Stored data:
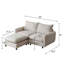 69 po Canapé modulaire 3 pièces avec canapé et repose-pieds 3 pièces
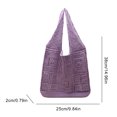 thumbnail image 2 of Bolsos Verano Bolsas Punto Su Tejido para Mujeres Bolso Hombro Crochet Gran Capacidad Liviana, 2 of 9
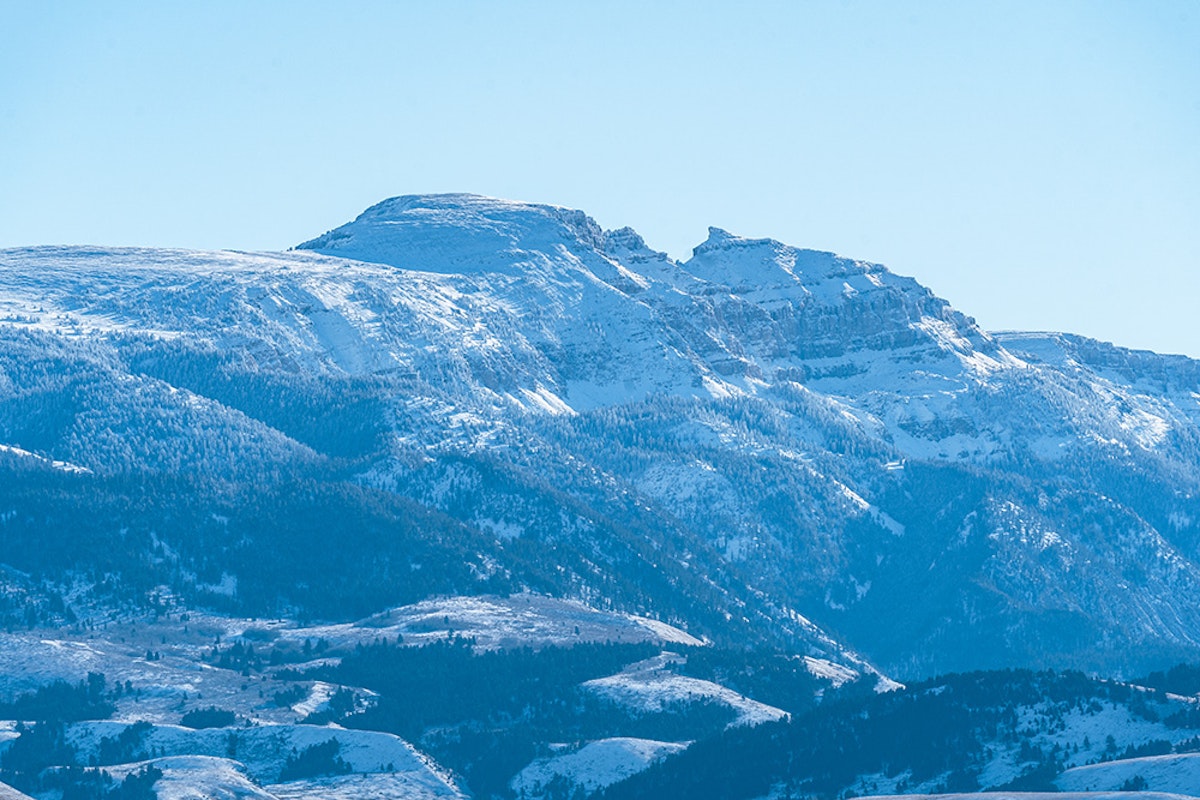 Sheep Mountain covered in early season snow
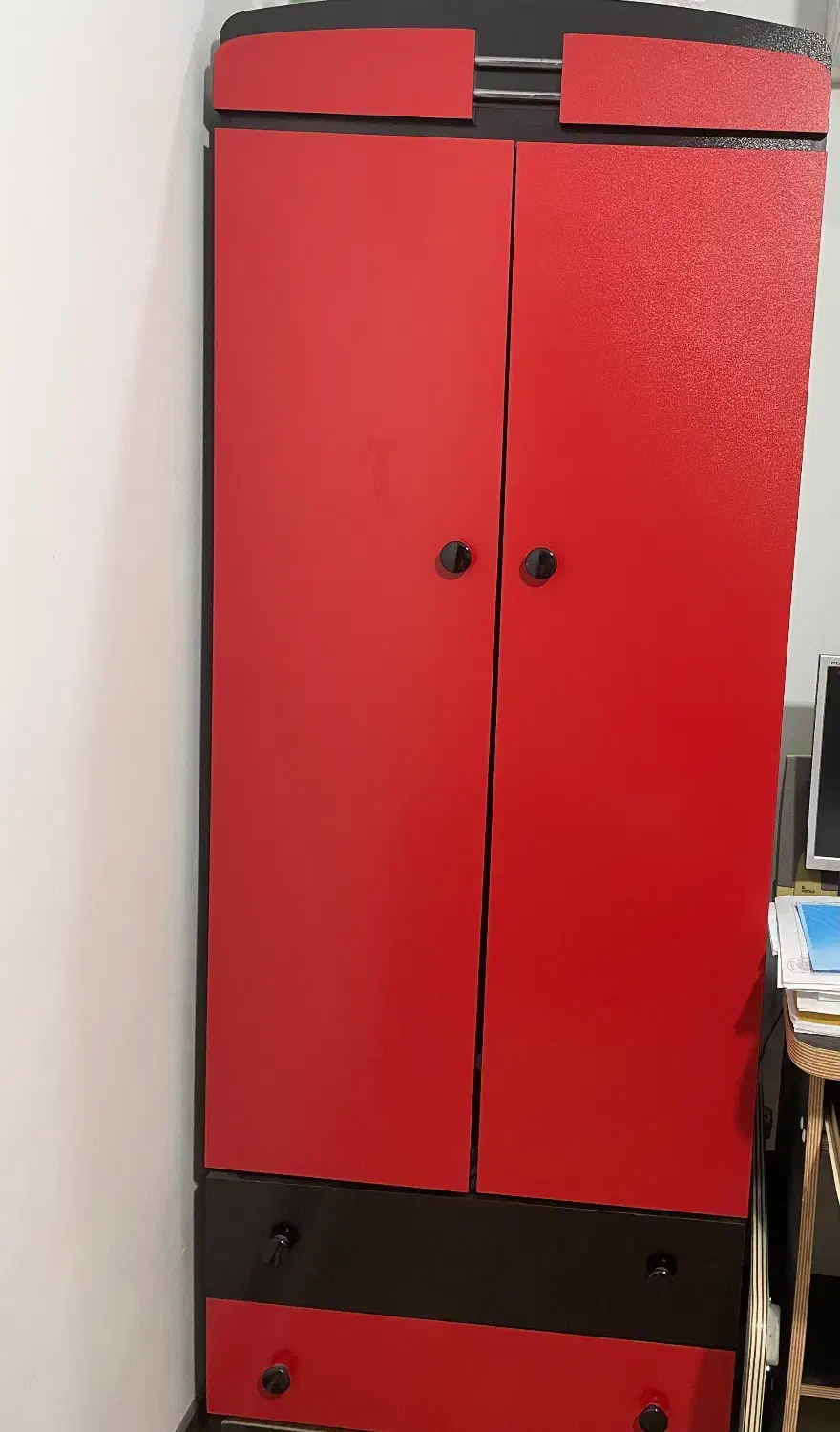 کمد لباسی و کتابخانه|جاکفشی، کمد، دراور|بابل, |دیوار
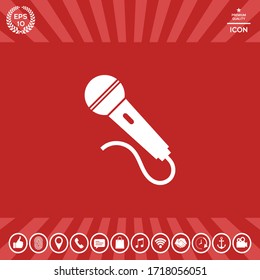 Symbol für Mikrofon. Grafische Elemente für Ihr Design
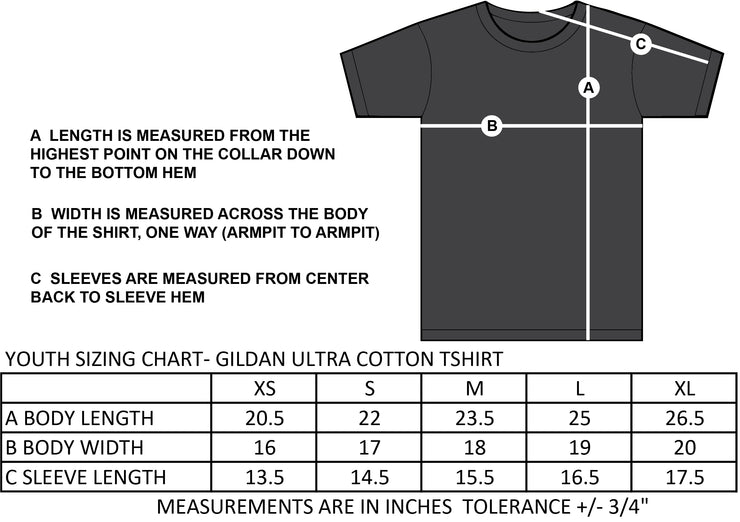 RICHMOND SPIRITWEAR - LEFT CHEST - YOUTH - GILDAN COTTON TEE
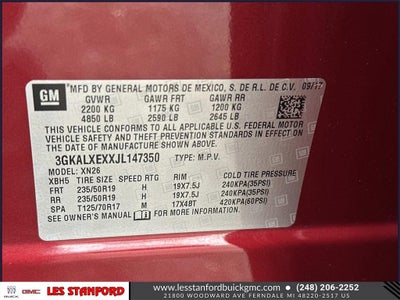 2018 GMC Terrain Denali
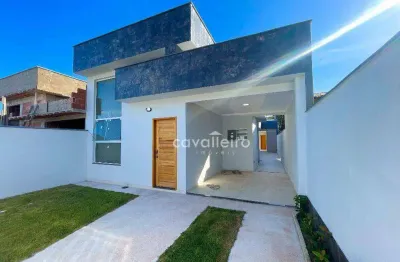 Casa com 3 dormitórios à venda, 136 m²- jardim atlântico oeste (itaipuaçu) - maricá/rj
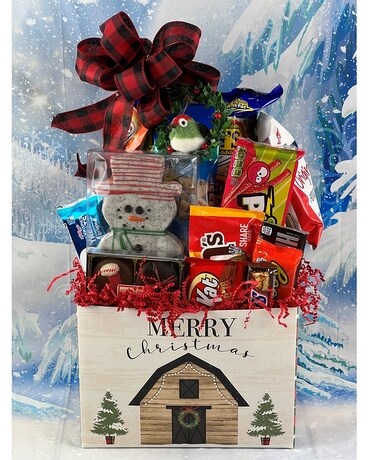 Cheerful Snack Basket Gift Basket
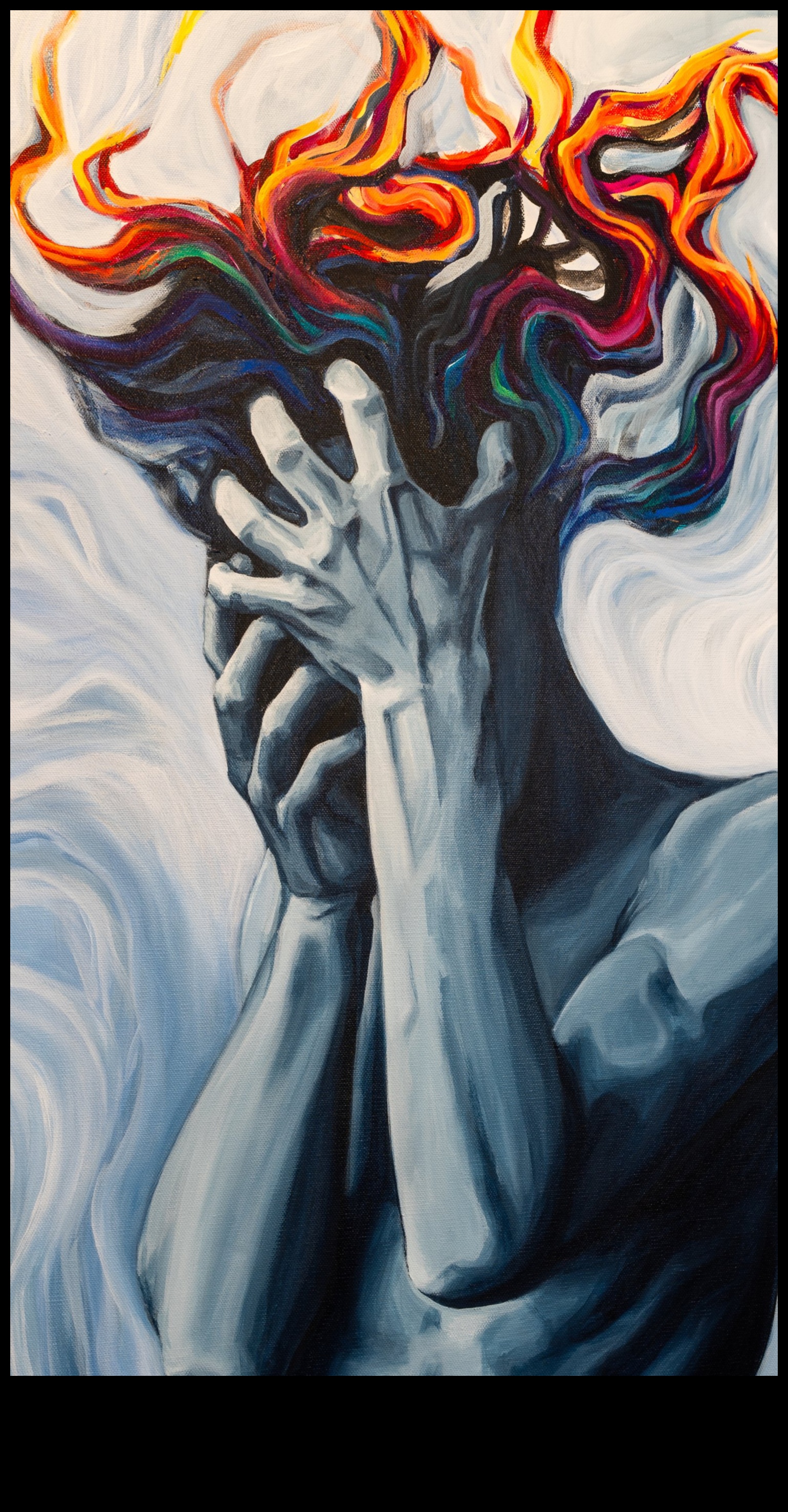 أصداء معبرة: صدى الفن التجريدي مع العاطفة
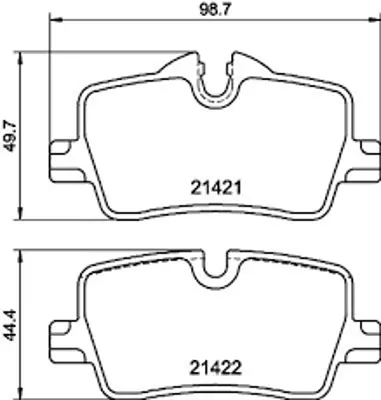 BOSCH 0986460055 Disk Balata Arka Bmw G20 G22
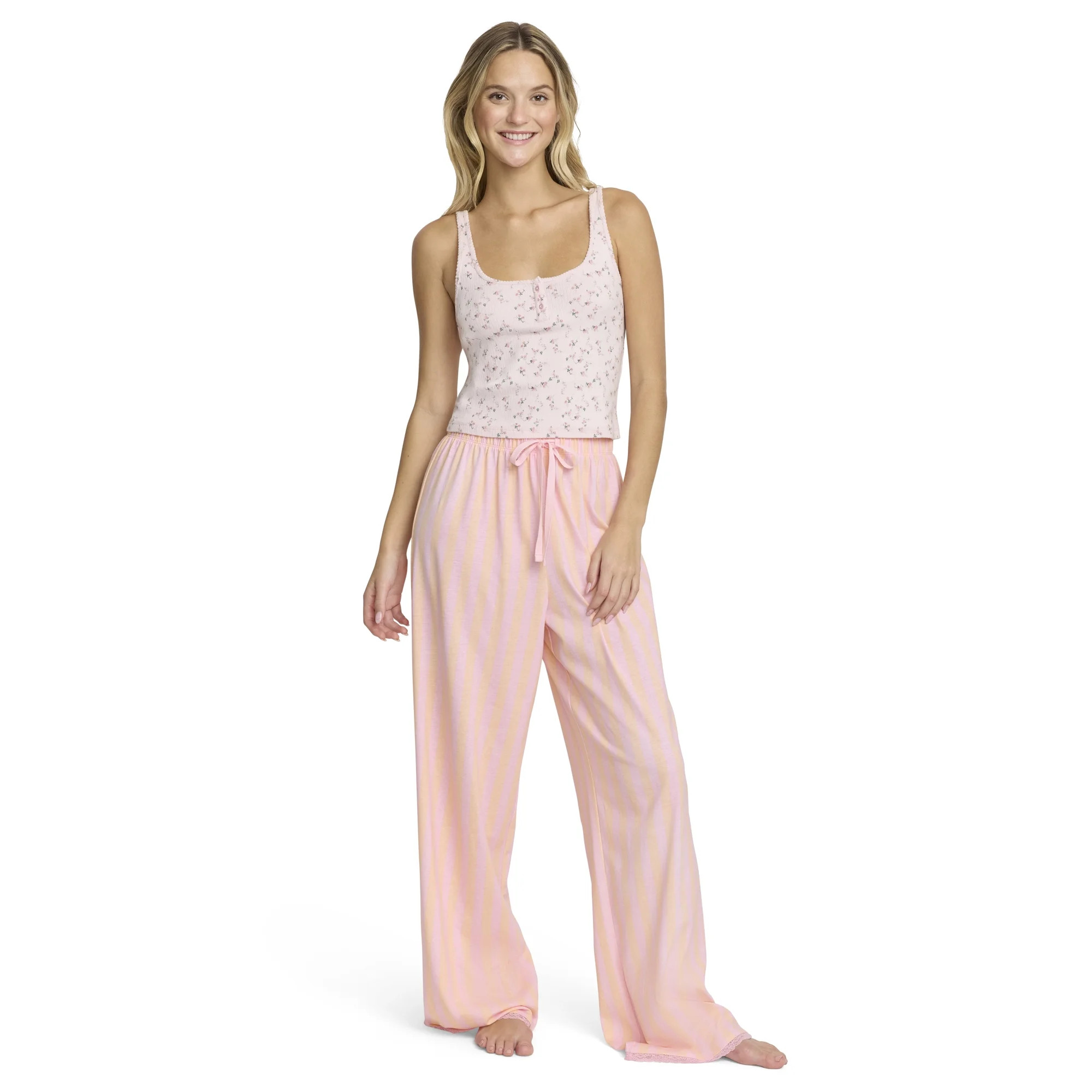Mills by Millie Bobby Brown Women's Printed Sleep Pant w/ Lace Trim, Sizes XS-XXXL | Walmart (US)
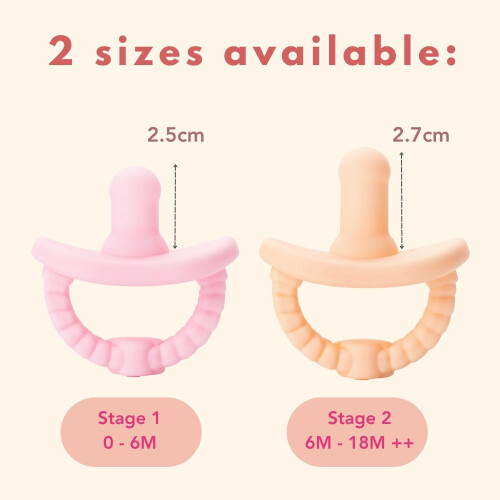 NatureBond Baby Pacifier Dummy Soother Silicone Bi 1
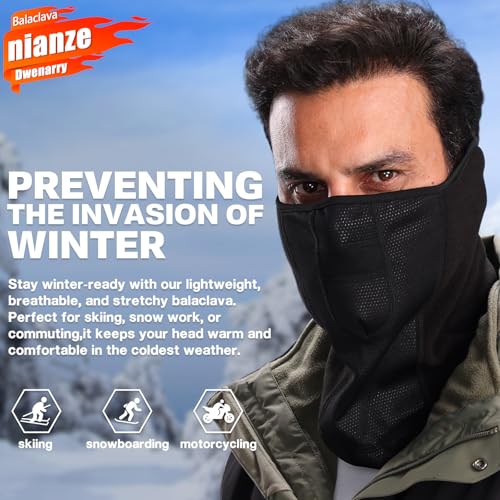 Winter Face Mask for Men Women,Balaclava Ski Mask for Cold Weather, Snowboarding Gear,Snowboard Mask - color: Half Balaclava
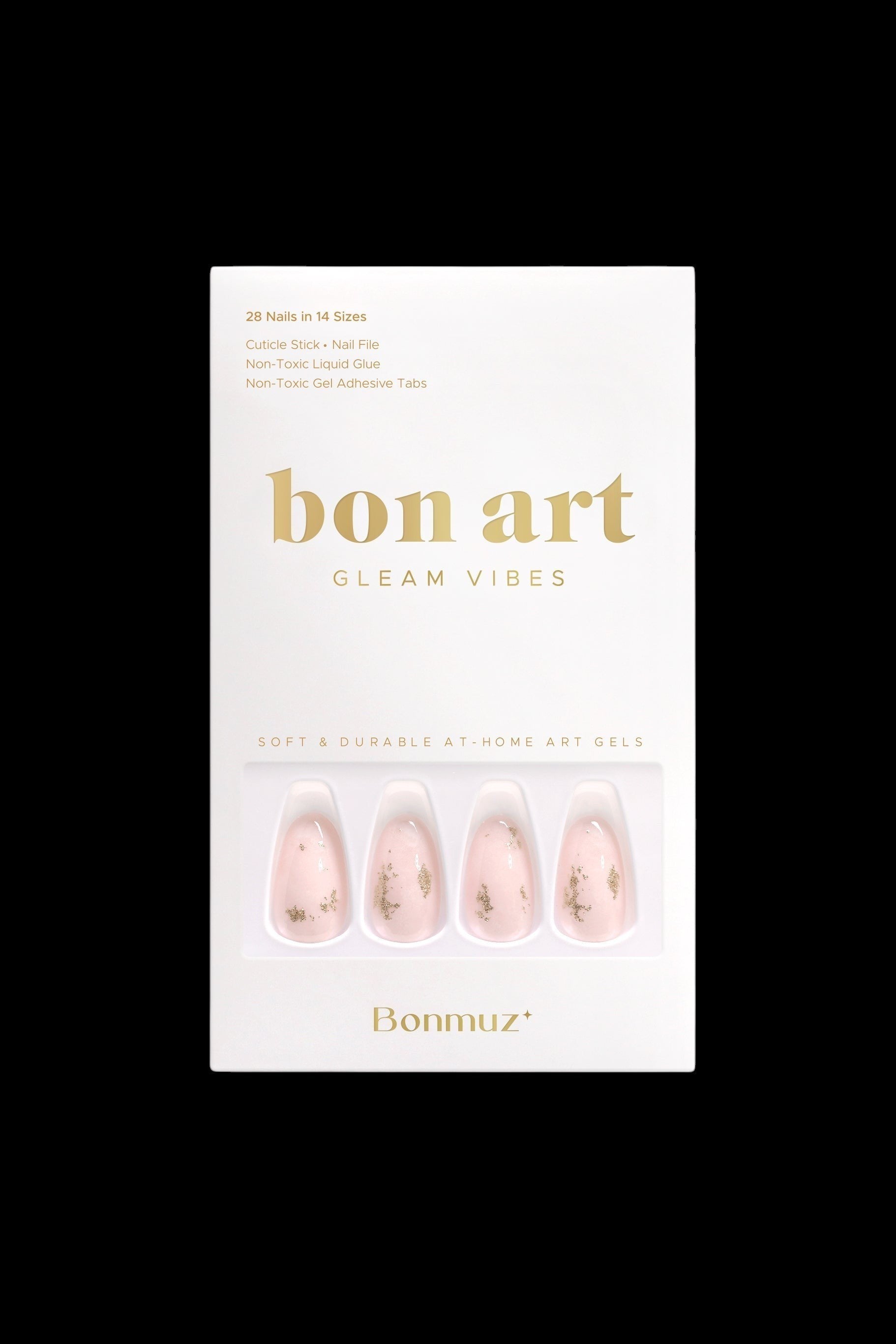 Hushed Shimmer | Soft & Durable Press-On Nails by Bonmuz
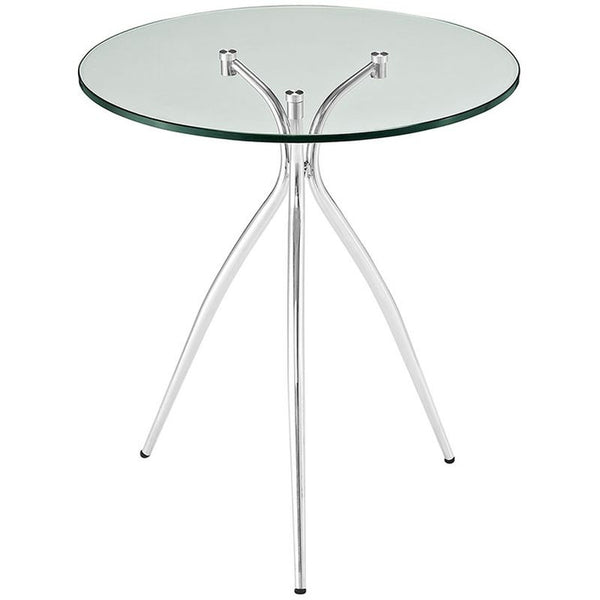 Moxy Glass Top Side Table in Clear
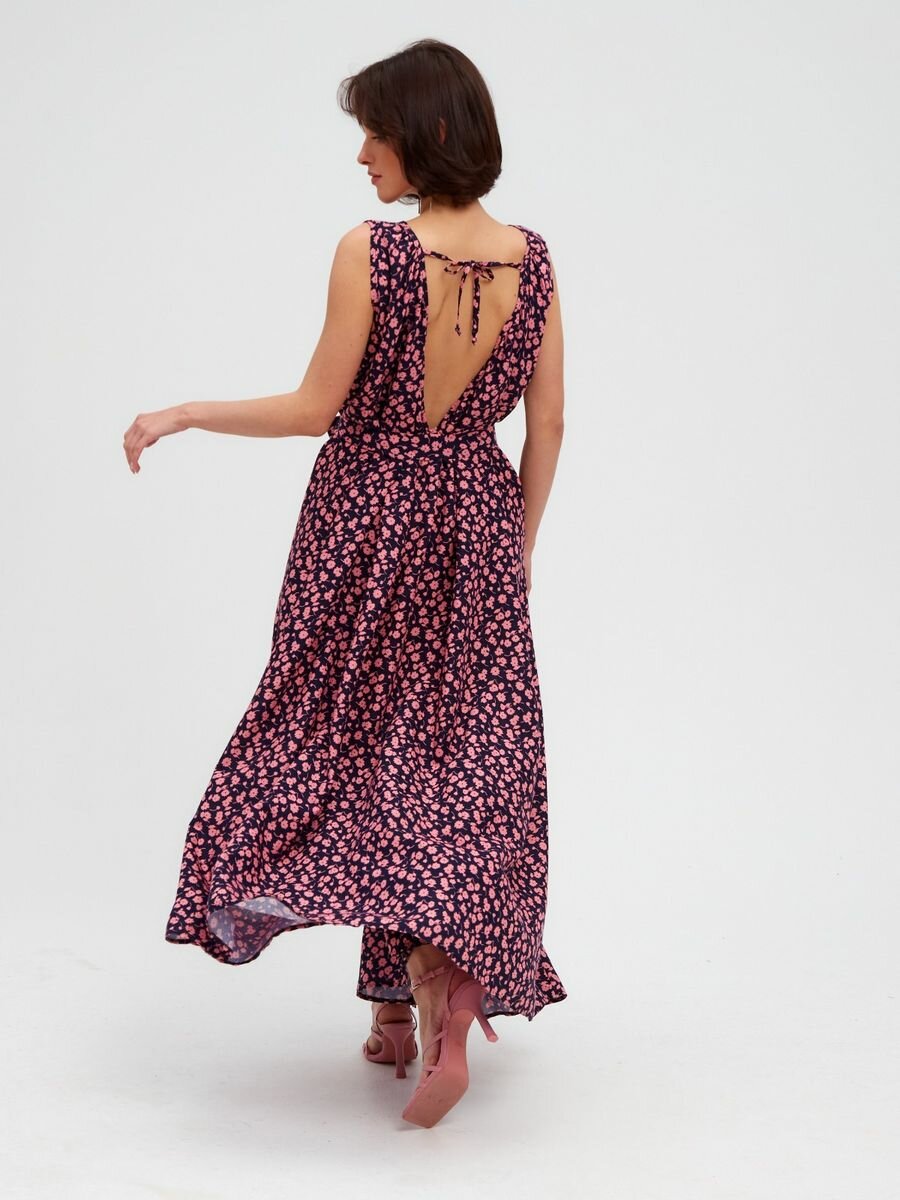 Платье YolKa_Dress, размер Единый, темно-синий — фото 1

Exercise: With the pictures omitted, copy exactly the lines from the line that contains "thumbnail image 2" through the end of the material.

Solution for this task:
 thumbnail image 2 of Bolsos Verano Bolsas Punto Su Tejido para Mujeres Bolso Hombro Crochet Gran Capacidad Liviana, 2 of 9
 Sheep Mountain covered in early season snow
 کمد لباسی و کتابخانه|جاکفشی، کمد، دراور|بابل, |دیوار
 Symbol für Mikrofon. Grafische Elemente für Ihr Design
 RICHMOND SPIRITWEAR - LEFT CHEST - YOUTH - GILDAN COTTON TEE
 2018 GMC Terrain Denali
 Casa com 3 dormitórios à venda, 136 m²- jardim atlântico oeste (itaipuaçu) - maricá/rj
 Cheerful Snack Basket Gift Basket
 أصداء معبرة: صدى الفن التجريدي مع العاطفة
 BOSCH 0986460055 Disk Balata Arka Bmw G20 G22
Mills by Millie Bobby Brown Women's Printed Sleep Pant w/ Lace Trim, Sizes XS-XXXL | Walmart (US)
 NatureBond Baby Pacifier Dummy Soother Silicone Bi 1
 Winter Face Mask for Men Women,Balaclava Ski Mask for Cold Weather, Snowboarding Gear,Snowboard Mask - color: Half Balaclava
 Hushed Shimmer | Soft & Durable Press-On Nails by Bonmuz
 Moxy Glass Top Side Table in Clear
 Платье YolKa_Dress, размер Единый, темно-синий — фото 1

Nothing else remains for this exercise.